* **ACTION ITEM**: Where a record contains an image, leave the image out and print the rest exactly.

* **DATASET RECORDS**:

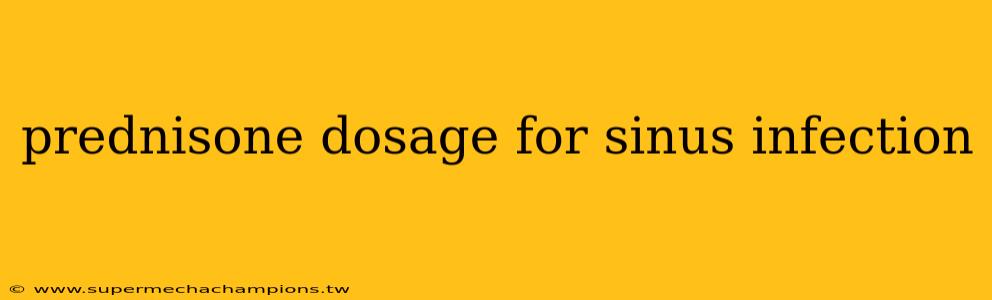 prednisone dosage for sinus infection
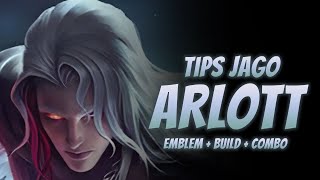 TUTORIAL ARLOTT HERO BARU amp PENJELASAN COMBO SKILL ARLOTT amp BUILD ARLOTT TERSAKIT  CARA MAIN ARLOTT [upl. by Nerag]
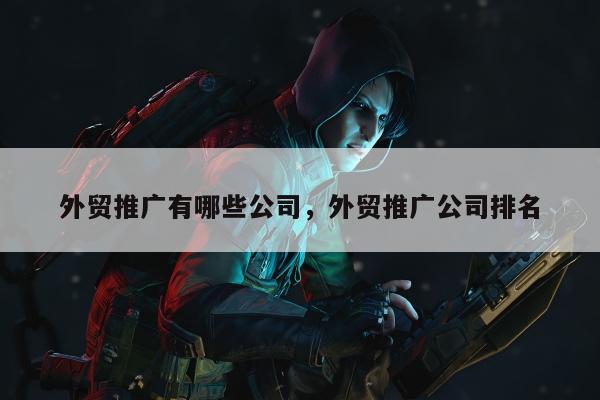 外贸推广有哪些公司，外贸推广公司排名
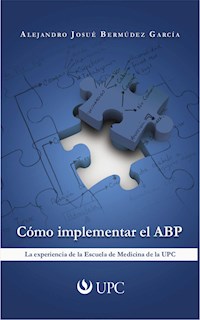 Cómo implementar el ABP - Alejandro Bermúdez García - ebook
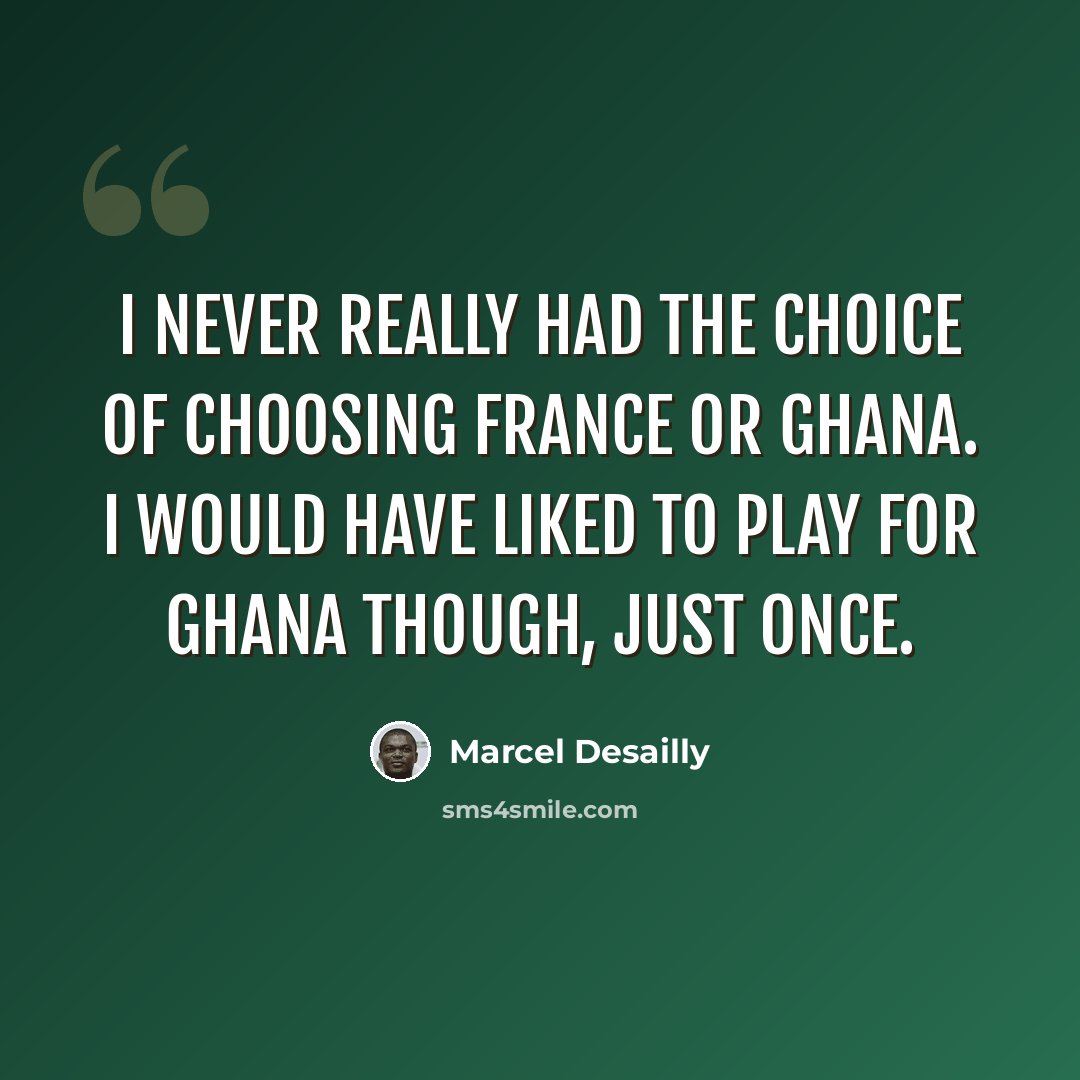 “I never really had the choice of choosing France or Ghana. I would have liked to play for Ghana though, just once.” quote by Marcel Desailly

* **OUTPUT FOR THIS TASK**:
 prednisone dosage for sinus infection
 TUTORIAL ARLOTT HERO BARU amp PENJELASAN COMBO SKILL ARLOTT amp BUILD ARLOTT TERSAKIT  CARA MAIN ARLOTT [upl. by Nerag]
 外贸推广有哪些公司，外贸推广公司排名
 Cómo implementar el ABP - Alejandro Bermúdez García - ebook
 “I never really had the choice of choosing France or Ghana. I would have liked to play for Ghana though, just once.” quote by Marcel Desailly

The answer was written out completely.